There are many sources of people-related data we have yet to collect: employee location, social activity, professional networks and network connections, psychographic data, project results, and more. Once companies have an infrastructure for analytics in place, we can bring more and more information together for analysis.
One of the more interesting areas of analysis is learning how to measure performance by looking at how people collaborate, the projects they’ve worked on, their peers and associates (their internal corporate “social data”), and their innovations and successes. One of our clients mentioned, for example, that their analysis shows that engineers who have friendships and regular meetings with other top engineers are far more productive than those who work in more isolated groups. Another client found that manufacturing teams that work in diverse environments outperform those who work in less diverse groups.
Think about all the possibilities to unlock the secrets of high performance.
The tools to collect, analyze, and visualize data are rapidly evolving. New tools like Tableau and Qlikview make visualization much easier, and a whole industry of start-ups is bringing managed analytics services to market.
There are three major categories of new tools: visualization and analysis tools (desktop tools that let users analyze data and create reports); middleware and database tools (tools that collect, clean, store, and query data—including tools that use Hadoop16); and managed analytics services (companies that provide integrated services to collect and make sense of your data).
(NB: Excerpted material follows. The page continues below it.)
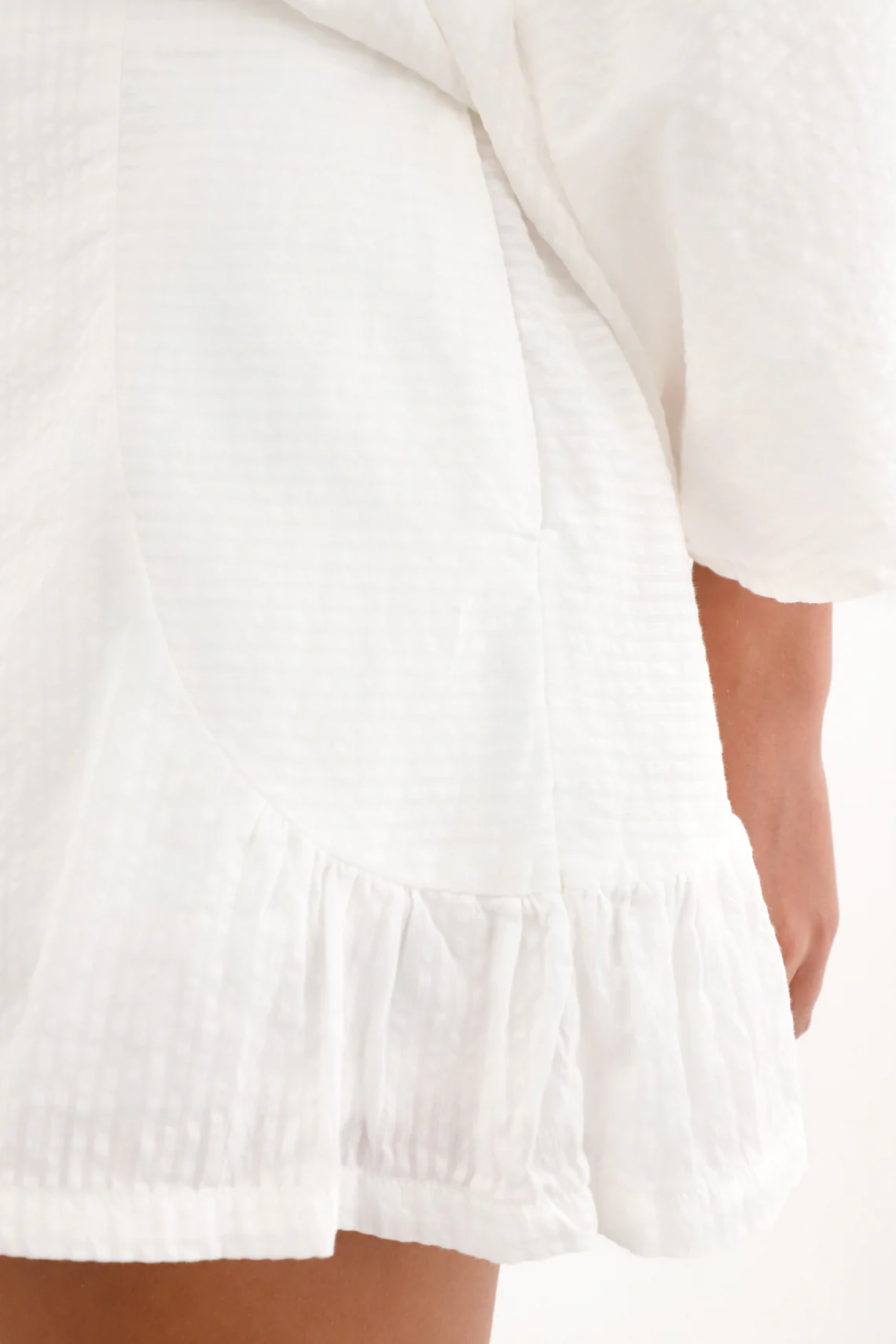 Textured Fabric Shorts in Raw Color for Women - Image 4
With this market growing so rapidly, it’s important for the analytics team to keep abreast of advances in the tools market.
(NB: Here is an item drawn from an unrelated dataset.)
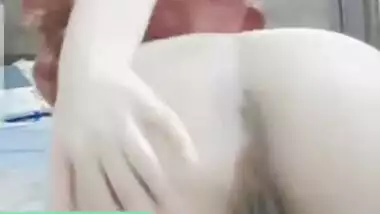 Cute paki girl showing boobs and pussy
While it still takes time and experience to make sense of data, the tools market is burgeoning, and we expect to see more and more third-party analytics suppliers do the analysis for their clients. Just as managed analytics companies analyze credit card fraud, market basket information, and customer relationship management data, there soon may be managed analytics firms that help us understand our people data.
Finally, data scientists and statisticians are inventing new ways of analyzing data every day. The University of California at Berkeley recently introduced a master’s program in data science, and many other educational institutions and for-profit training companies are teaching new statistical techniques. A new technique called structural equation modeling, which is based on social science, provides new techniques for finding cause from correlation. And new companies such as Kaggle (an international community of data scientists) bring math and statistics specialists together to let them bid on interesting projects, share ideas, and test and improve their analytic skills.17
I recently read a PhD thesis from an MIT student who called himself a “social data scientist.” He studied the statistical inferences and human characteristics of Twitter streams and found, for example, that young people use the smiley face differently from older people: Younger people use : ), while older people use :- ). What is the relevance of this? Probably not much right now, but what it tells us is that the techniques and tools for big data are expanding, and one day we will be able to measure people performance in real time (similar to a call center) and immediately point out when a management error or performance problem is likely to occur.
This “datafication of HR” is part of a broader trend affecting nearly every business function. Data about our people are often the most powerful data we have. Companies that learn how to harness the data hidden in their HR systems will likely find tremendous opportunities to drive improved performance, customer service, and business growth.